Interleague play finally winds down in Major League Baseball this weekend, ending the most bizarre setup in all of sports.
After 13 years of the stuff, MLB still is missing the boat.
I am not anti-interleague, nor do I love it. I just think it is time to get it right.
I don’t think it is fair that the Reds have had to play their in-state foes, the Cleveland Indians, twice per season while their NL Central counterparts, the St. Louis Cardinals, get to square off against Kansas City six times per year.
Once again, though, Bud Selig and the powers that be make decisions based on dollars and cents and not necessarily what is right for the game.
There are fans that sit on both side of the fence. I have come up with a plan that not only satisfies all sides of this issue, but will bring much-needed balance to the MLB schedule.
Here it goes.
For starters, let’s get the leagues balanced out. Instead of having 16 teams in the National League and 14 in the American League, let’s move the Milwaukee Brewers back to the AL where they belong.

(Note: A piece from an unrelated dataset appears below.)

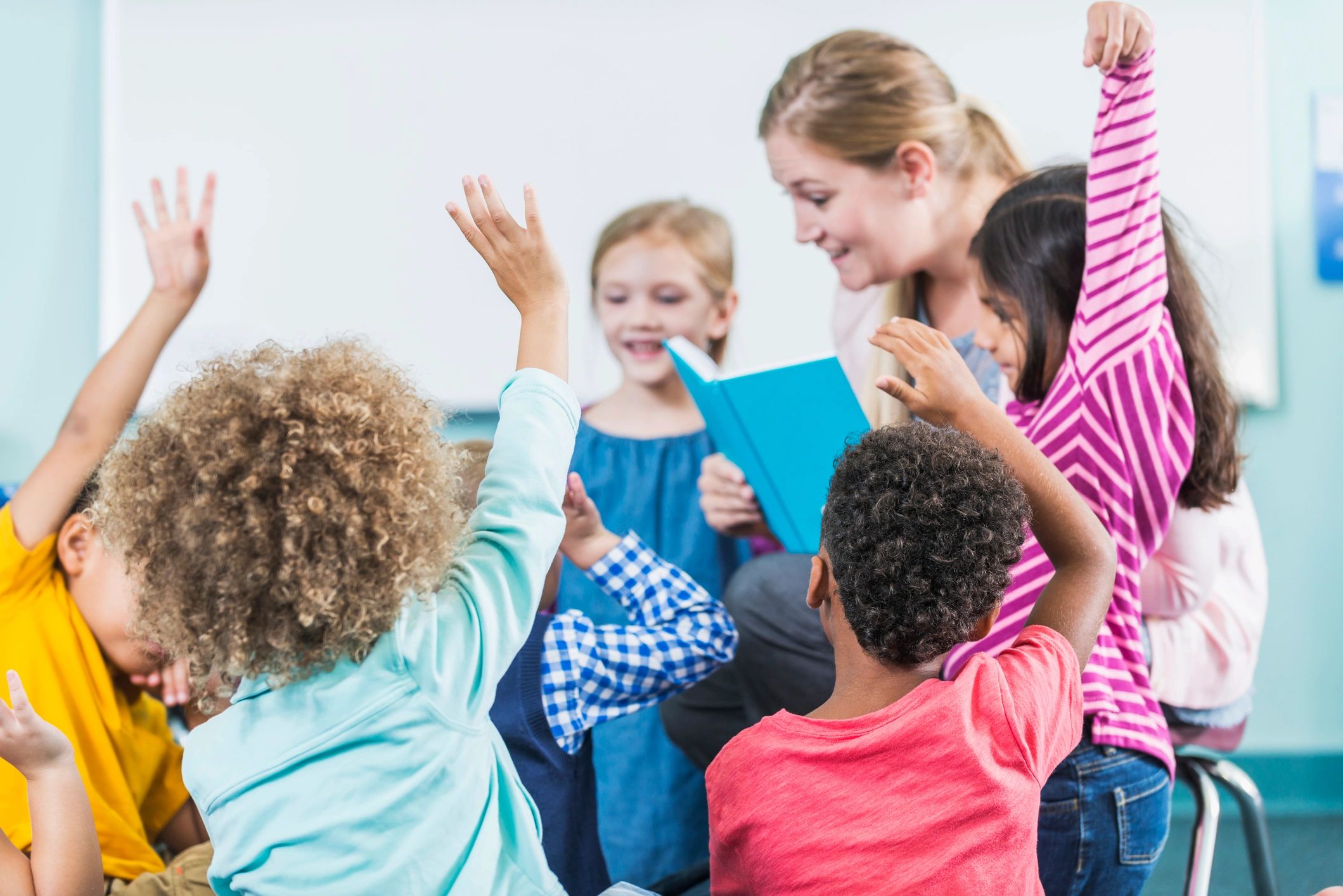 Teacher reading to kindergarten children in a circle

Why does the NL Central have six teams fighting for a playoff spot, but only four clubs have to battle it out in the AL West to get to the postseason?
Furthermore, 16 teams contend for four overall playoff spots in the NL, while in the AL, only 14 teams have to compete for the same number of playoff positions.

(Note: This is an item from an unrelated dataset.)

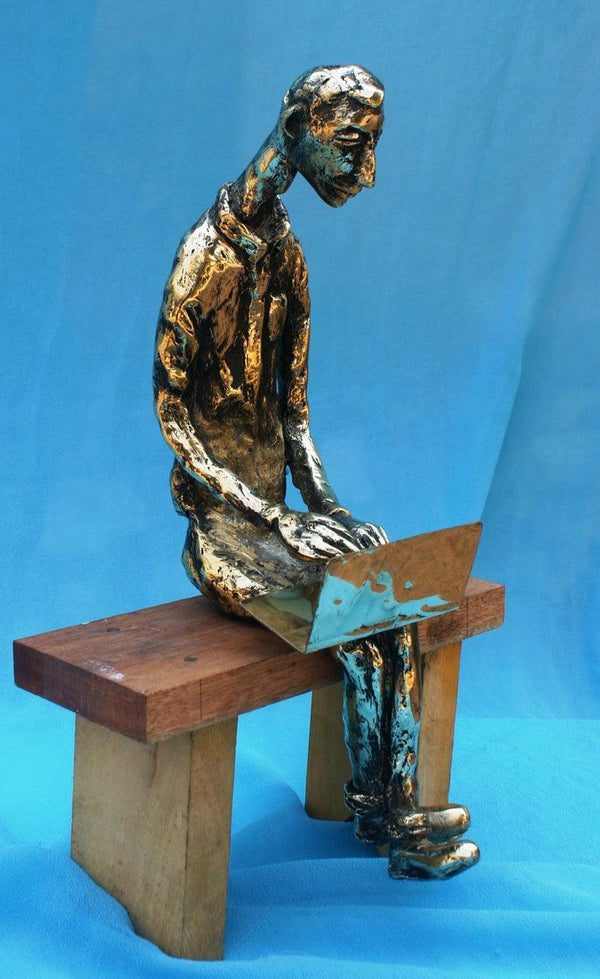 The Laptop Boy Sculpture by Usha Ramachandran | ArtZolo.com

My plan starts with some realignment:
The NL stays pretty much the same, with only the Brewers leaving.
The AL gets a bit more interesting. The Brewers slide into the AL Central while the Royals move to AL West.

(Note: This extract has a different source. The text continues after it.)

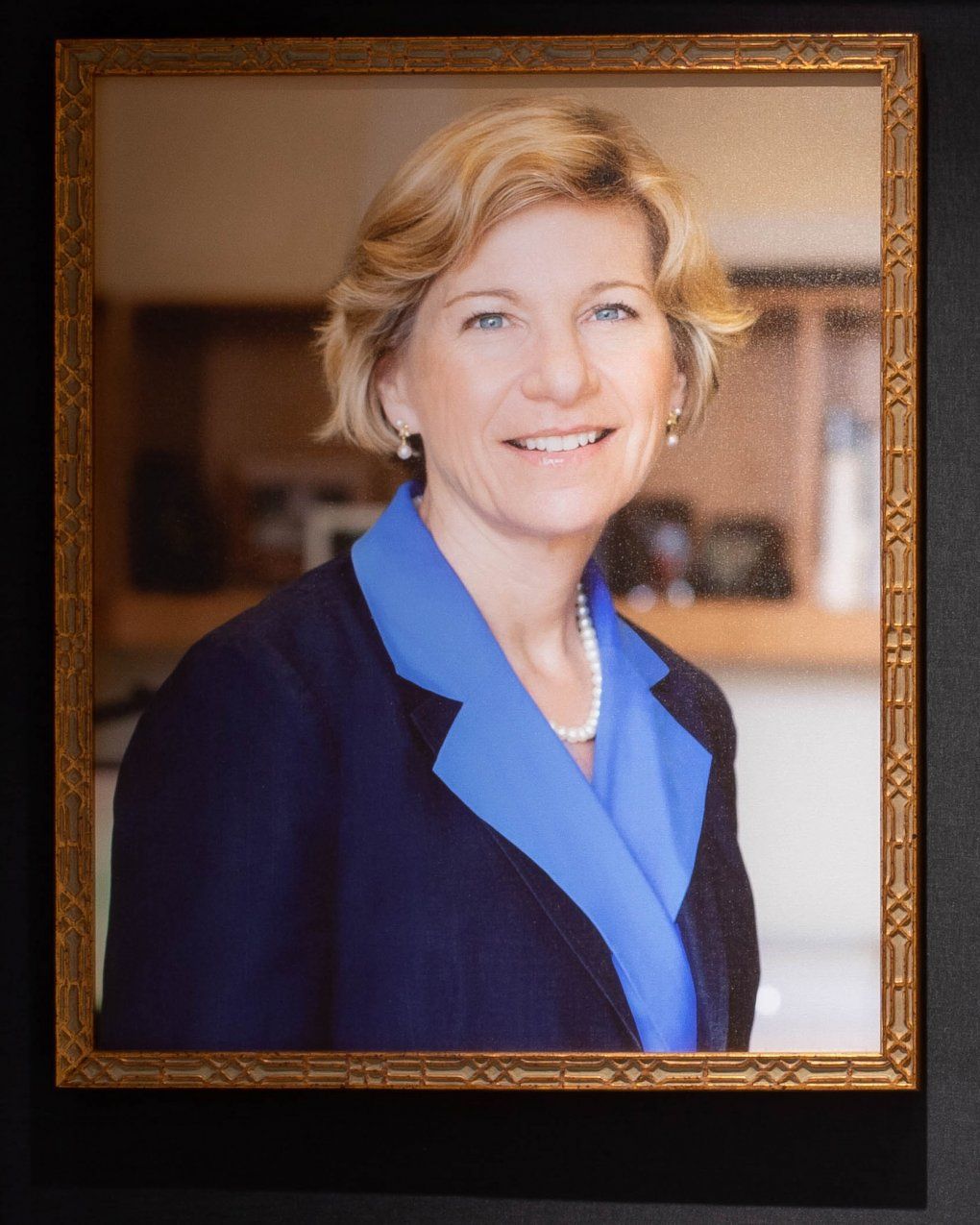 Susan Desmond-Hellmann smiles in an office in her official chancellor's portrait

Now that we have the leagues balanced, the next part of plan is a must. There will no longer be a stretch of interleague play, rather interleague games all season long. In order to have 15 teams in each league, there would have to be at least one interleague matchup at all times.
Does it really matter when these match-ups happen anyway?
Natural rivals like the Mets-Yankees, Cubs-White Sox, and the aforementioned Reds-Indians and Cardinals-Royals series would still go down annually, just not guaranteed twice per year every season.
Instead, MLB would go the route the NFL goes and rotate matchups annually.
For example, in 2010 the NL Central could start by being matched up against the AL West, with every team inside each division playing each other in one three-game series for a total of 15 games.
The next season, the NL Central could play the AL East, and then in 2012, square off against the AL Central.
In addition to playing the 15 set interleague games, natural rivals would meet in a three-game series, rotating homefield advantage. In years where they already played each other in the regular rotation, the teams would meet twice, once at each team’s location.
Teams that lack a natural rival would be placed into a pool of teams and have a random matchup selected based off how long it has been since teams have met. It’s not perfect, but it a compromise.
This could also give MLB a chance to play some games internationally by taking teams without a natural rival in other league and create a series out of it.
So, with 18 games of the 162-game schedule figured out and interleague play resolved, let’s examine how the rest of the schedule will work.
Each team will play 12 games against the other four teams in their division (six at home; six on the road). That translates into 48 division games, or roughly 30 percent of the team’s schedule.
The key here is that every team plays every other team in the division the same amount of times at home and away.
That leaves 96 games to play against the teams within the league from the other divisions. There are 10 total teams outside of the division in each league. By rotating the home field advantage annually, these teams would square off a total of nine times. Six games at home and three on the road this year means three games at home and six on the road next year.
The other six games would be based off of order of finish the previous season. For example, the team that finished last in the NL Central (usually the Pirates), would get three extra games against the last place finishers from the NL West and NL East respectively.
My system is not perfect, but it is far better than anything Bud Selig has come up with, and I don’t make $18 million per year.